La Ville-Territoire

La Ville-Territoire

André Corboz

Territoire urbanisé

1992

Pendant que les acteurs de la deuxième et de la troisième phase portaient leur attention sur la ville historique – les premiers pour la rebâtir de fond en comble, les seconds pour y intervenir en la valorisant – ils négligeaient en effet ce qui se passait à l’extérieur.

Or les villes ne font pas que concentrer la population (urbanisée à plus ou moins soixante-dix pour cent en Europe occidentale), elles tendent à devenir réciproquement limitrophes, elles se soudent les unes aux autres dans de vastes ensembles qui couvrent peu à peu le territoire et rencontrent pardessus les frontières nationales d’autres ensembles similaires. Il n’y a plus de villes à proprement parler, mais des régions urbanisées qui s’organisent en chaînes, il y a des mégalopoles qui occupent des surfaces toujours croissantes. Bientôt, l’Europe ne sera plus qu’une seule nébuleuse urbaine.
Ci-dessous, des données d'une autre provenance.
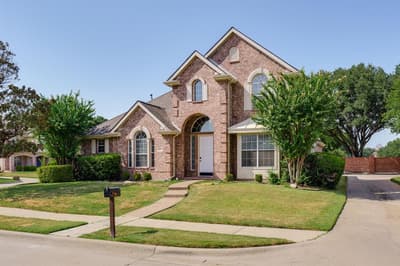 321 Andre Drive, Irving TX 75063 - Photo 3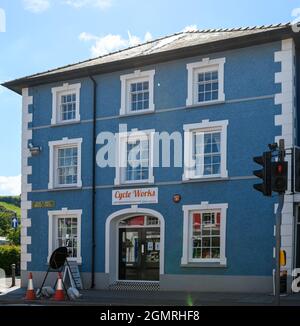 Aberaeron, Großbritannien - Juni 08 2021: Fassade der Fahrradwerkstatt Cycle Works in der North Street Stockfoto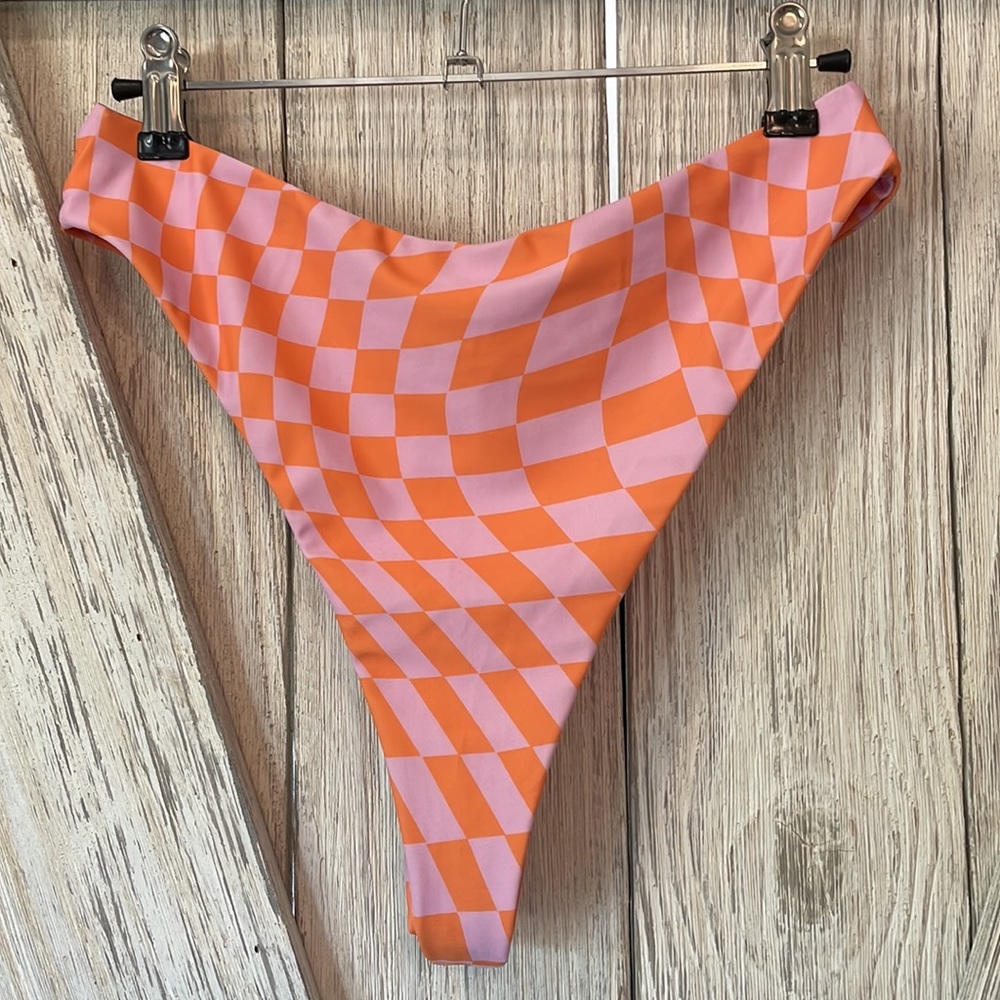 Aurelle Riza Checkered Bikini - Picture 8 of 11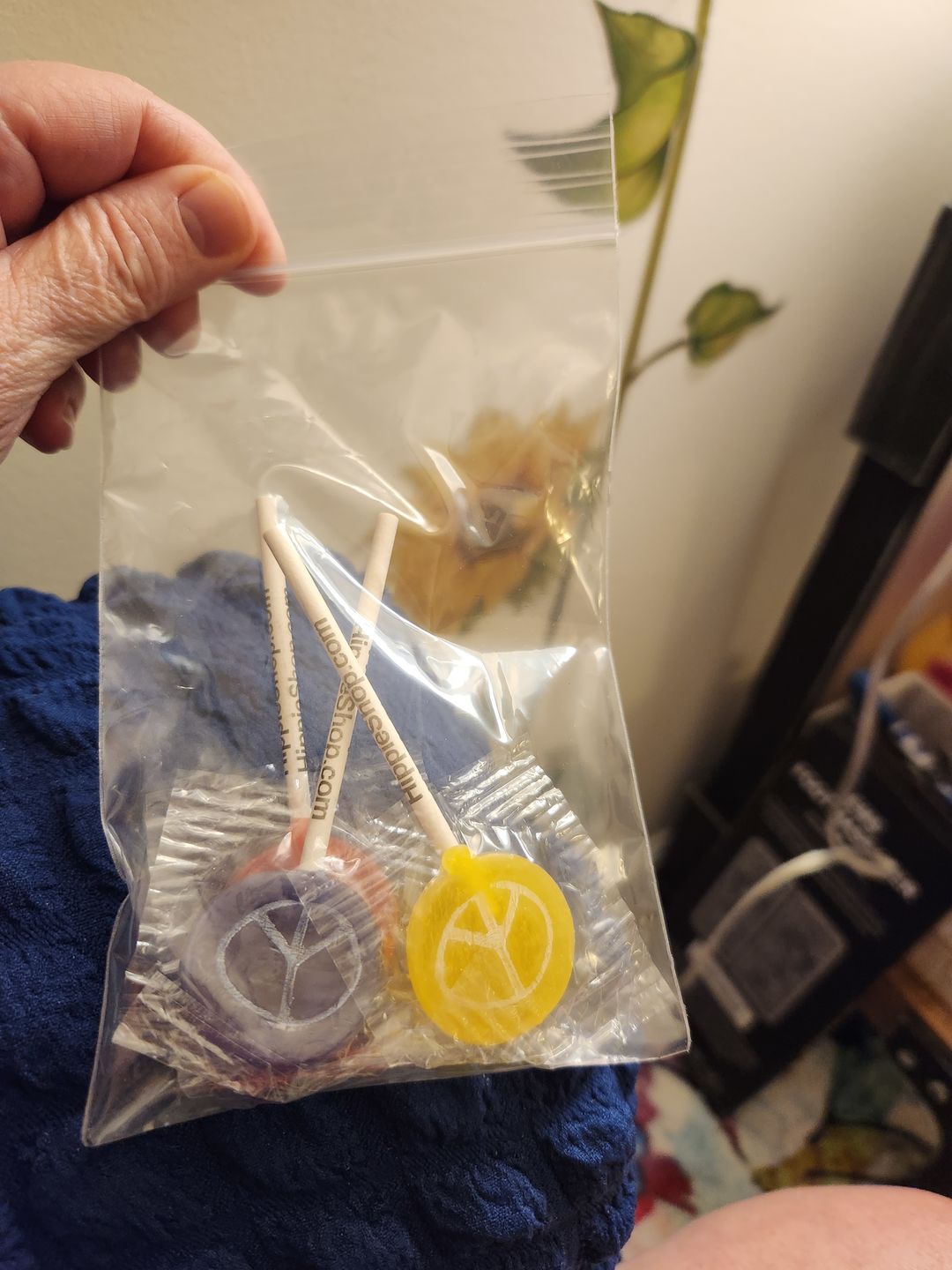 Customer photo review of Hippie Shop Peace Pop Lollipops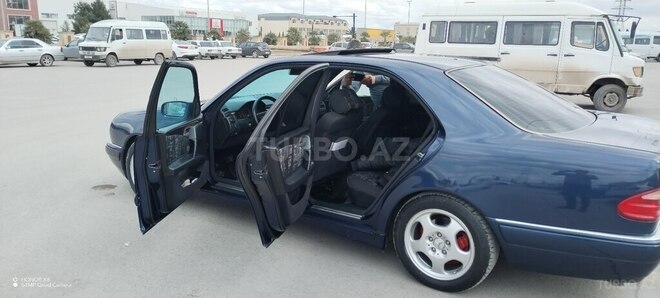Mercedes E 240 1998, 370,000 km - 2.4 l - Göyçay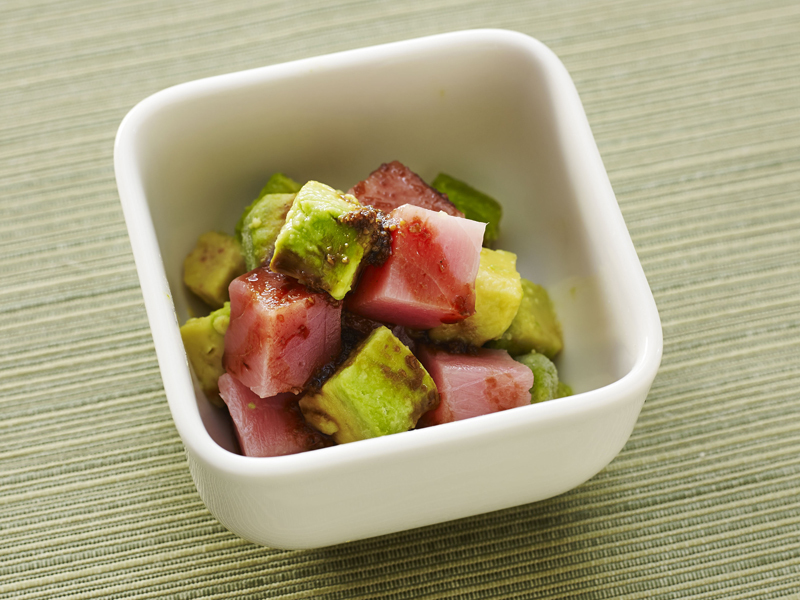 ごま油香るマグロとアボカドの山かけ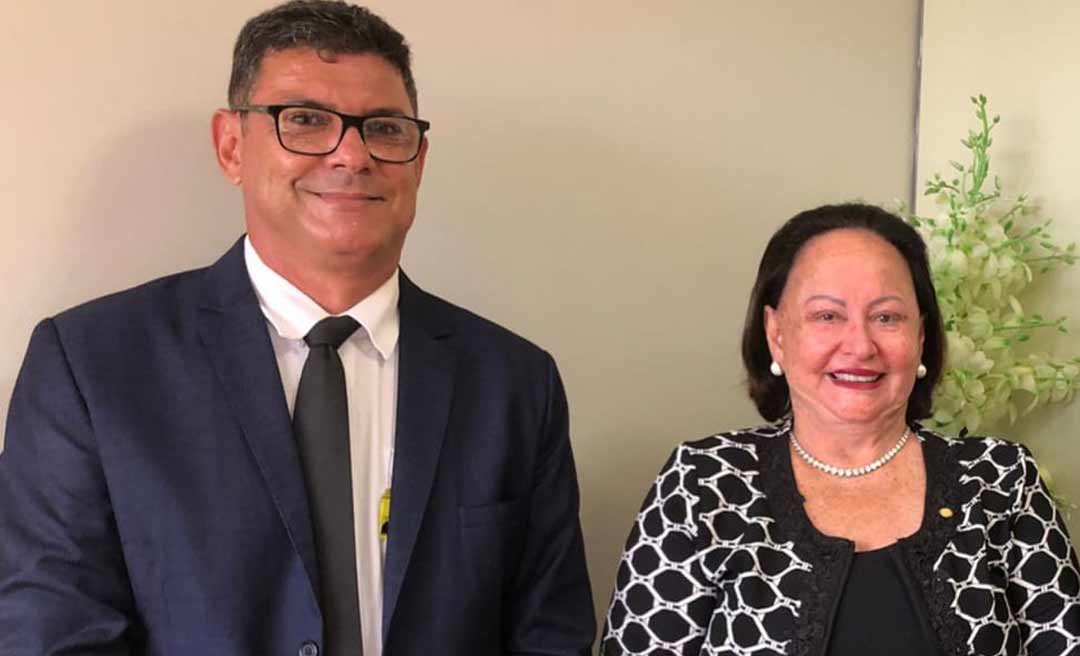 Em Brasília, prefeito de Capixaba busca recursos junto à deputada Vanda Milani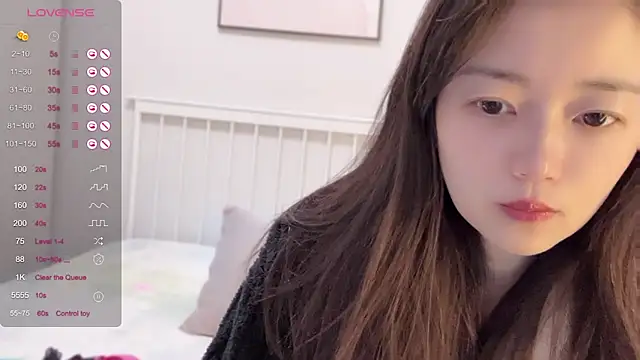 A-xena online show from 1, 3, 2025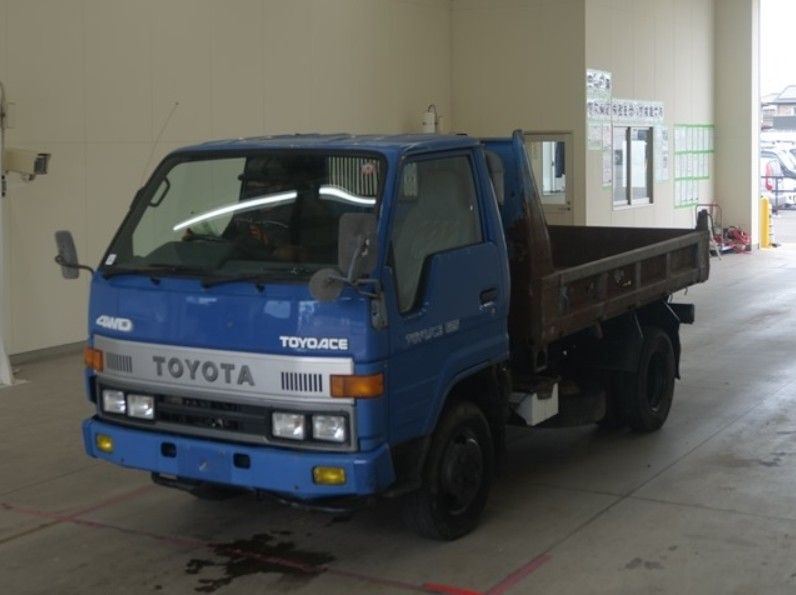  28440 HINO DUTRO  2003  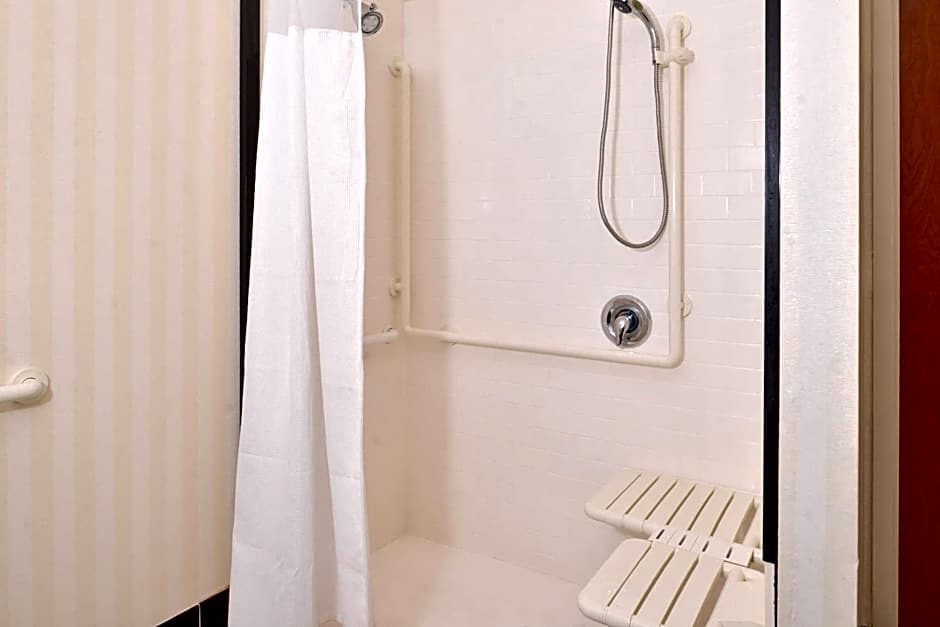 Fairfield Inn and Suites by Marriott Birmingham Pelham/I-65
Dans cette nébuleuse, ce que nous appelons le centre ville, les quartiers anciens, la ville historique, occupe probablement moins de un pour cent de la surface totale. Il est donc absolument nécessaire d’inventer une nouvelle problématique d’ensemble.

Le premier constat qui s’impose, c’est que la vieille opposition entre ville et campagne n’a plus de sens ; cela ne signifie pas que l’agriculture (qui n’emploie plus guère que cinq pour cent de la population active) va cesser d’exister, mais qu’elle subira (et subit déjà) une mutation décisive, c’est-à-dire que la paysannerie va disparaître comme telle, au profit d’une gestion technocratique des ressources. Les surfaces cultivées le seront à l’intérieur de la nébuleuse urbaine, qui contiendra aussi des forêts, des montagnes, des lacs.
Car les villes ne se sont pas contentées de s’étaler autour de leur noyau, elles ont essaimé pour occuper des lieux jugés inhabitables au XIXe siècle : ce sont elles qui ont colonisé les bords de mer et provoqué leur bétonnage, qui ont implanté des stations de sports d’hiver et d’été dans des endroits jusqu’alors désertiques, elles toujours qui commencent à dévorer l’arrière-pays lorsque les franges côtières sont saturées – et tout cela pour quelques semaines d’occupation par an. Cette entreprise a lieu pour et par les urbains, qui développent également les réseaux de transport nécessaires à ces migrations saisonnières – réseaux le long desquels des services, des unités de production, des centres de décision s’installent à leur tour. […]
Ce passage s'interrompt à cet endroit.